## RECORDS SHOWN
+ + + + +

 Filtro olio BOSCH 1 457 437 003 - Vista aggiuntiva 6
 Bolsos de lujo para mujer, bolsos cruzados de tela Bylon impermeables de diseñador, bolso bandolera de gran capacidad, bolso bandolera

+ + + + +

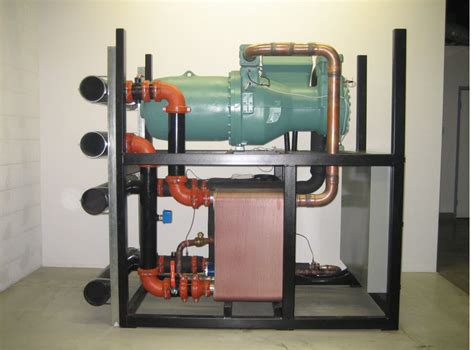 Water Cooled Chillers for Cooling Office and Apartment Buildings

+ + + + +

## TASK PROMPT
In the material above, find the line containing "Filtro olio BOSCH" and the line containing "Bolsos de lujo", then write out exactly those two lines and every line between them, and nothing more.

## EXERCISE OUTPUT
 Filtro olio BOSCH 1 457 437 003 - Vista aggiuntiva 6
 Bolsos de lujo para mujer, bolsos cruzados de tela Bylon impermeables de diseñador, bolso bandolera de gran capacidad, bolso bandolera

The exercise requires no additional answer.